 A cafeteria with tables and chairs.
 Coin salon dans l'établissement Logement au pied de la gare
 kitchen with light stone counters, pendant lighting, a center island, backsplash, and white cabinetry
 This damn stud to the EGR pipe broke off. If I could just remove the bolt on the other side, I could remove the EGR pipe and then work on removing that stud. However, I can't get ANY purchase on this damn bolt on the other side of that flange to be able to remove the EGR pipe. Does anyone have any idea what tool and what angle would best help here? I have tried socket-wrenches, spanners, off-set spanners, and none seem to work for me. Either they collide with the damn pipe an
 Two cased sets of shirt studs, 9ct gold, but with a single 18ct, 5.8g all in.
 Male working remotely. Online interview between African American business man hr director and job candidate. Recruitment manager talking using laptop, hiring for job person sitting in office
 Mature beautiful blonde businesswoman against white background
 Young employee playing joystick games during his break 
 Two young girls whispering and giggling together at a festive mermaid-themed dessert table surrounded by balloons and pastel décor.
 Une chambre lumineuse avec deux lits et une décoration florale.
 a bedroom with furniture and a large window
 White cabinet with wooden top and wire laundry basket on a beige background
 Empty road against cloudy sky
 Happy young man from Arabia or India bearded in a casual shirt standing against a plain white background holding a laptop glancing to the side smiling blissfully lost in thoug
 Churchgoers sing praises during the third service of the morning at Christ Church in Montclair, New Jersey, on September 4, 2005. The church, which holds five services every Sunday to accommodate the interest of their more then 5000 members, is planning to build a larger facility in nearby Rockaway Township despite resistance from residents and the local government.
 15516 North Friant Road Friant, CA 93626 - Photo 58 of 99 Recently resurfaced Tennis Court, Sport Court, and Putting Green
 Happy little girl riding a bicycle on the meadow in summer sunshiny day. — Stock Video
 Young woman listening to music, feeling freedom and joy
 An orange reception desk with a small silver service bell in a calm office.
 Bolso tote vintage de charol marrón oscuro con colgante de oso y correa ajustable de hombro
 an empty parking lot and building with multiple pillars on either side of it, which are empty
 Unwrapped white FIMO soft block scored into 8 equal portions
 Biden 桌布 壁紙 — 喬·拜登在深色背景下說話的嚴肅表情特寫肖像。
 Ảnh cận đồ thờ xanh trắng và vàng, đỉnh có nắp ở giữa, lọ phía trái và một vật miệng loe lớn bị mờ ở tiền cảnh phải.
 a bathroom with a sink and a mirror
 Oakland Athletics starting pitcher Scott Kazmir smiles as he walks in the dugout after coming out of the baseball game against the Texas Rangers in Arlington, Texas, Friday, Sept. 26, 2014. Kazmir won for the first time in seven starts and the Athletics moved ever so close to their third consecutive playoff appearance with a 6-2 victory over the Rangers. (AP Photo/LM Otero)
======
Exercise instructions » What you write must match the records above exactly, line for line.

Result below »
 A cafeteria with tables and chairs.
 Coin salon dans l'établissement Logement au pied de la gare
 kitchen with light stone counters, pendant lighting, a center island, backsplash, and white cabinetry
 This damn stud to the EGR pipe broke off. If I could just remove the bolt on the other side, I could remove the EGR pipe and then work on removing that stud. However, I can't get ANY purchase on this damn bolt on the other side of that flange to be able to remove the EGR pipe. Does anyone have any idea what tool and what angle would best help here? I have tried socket-wrenches, spanners, off-set spanners, and none seem to work for me. Either they collide with the damn pipe an
 Two cased sets of shirt studs, 9ct gold, but with a single 18ct, 5.8g all in.
 Male working remotely. Online interview between African American business man hr director and job candidate. Recruitment manager talking using laptop, hiring for job person sitting in office
 Mature beautiful blonde businesswoman against white background
 Young employee playing joystick games during his break 
 Two young girls whispering and giggling together at a festive mermaid-themed dessert table surrounded by balloons and pastel décor.
 Une chambre lumineuse avec deux lits et une décoration florale.
 a bedroom with furniture and a large window
 White cabinet with wooden top and wire laundry basket on a beige background
 Empty road against cloudy sky
 Happy young man from Arabia or India bearded in a casual shirt standing against a plain white background holding a laptop glancing to the side smiling blissfully lost in thoug
 Churchgoers sing praises during the third service of the morning at Christ Church in Montclair, New Jersey, on September 4, 2005. The church, which holds five services every Sunday to accommodate the interest of their more then 5000 members, is planning to build a larger facility in nearby Rockaway Township despite resistance from residents and the local government.
 15516 North Friant Road Friant, CA 93626 - Photo 58 of 99 Recently resurfaced Tennis Court, Sport Court, and Putting Green
 Happy little girl riding a bicycle on the meadow in summer sunshiny day. — Stock Video
 Young woman listening to music, feeling freedom and joy
 An orange reception desk with a small silver service bell in a calm office.
 Bolso tote vintage de charol marrón oscuro con colgante de oso y correa ajustable de hombro
 an empty parking lot and building with multiple pillars on either side of it, which are empty
 Unwrapped white FIMO soft block scored into 8 equal portions
 Biden 桌布 壁紙 — 喬·拜登在深色背景下說話的嚴肅表情特寫肖像。
 Ảnh cận đồ thờ xanh trắng và vàng, đỉnh có nắp ở giữa, lọ phía trái và một vật miệng loe lớn bị mờ ở tiền cảnh phải.
 a bathroom with a sink and a mirror
 Oakland Athletics starting pitcher Scott Kazmir smiles as he walks in the dugout after coming out of the baseball game against the Texas Rangers in Arlington, Texas, Friday, Sept. 26, 2014. Kazmir won for the first time in seven starts and the Athletics moved ever so close to their third consecutive playoff appearance with a 6-2 victory over the Rangers. (AP Photo/LM Otero)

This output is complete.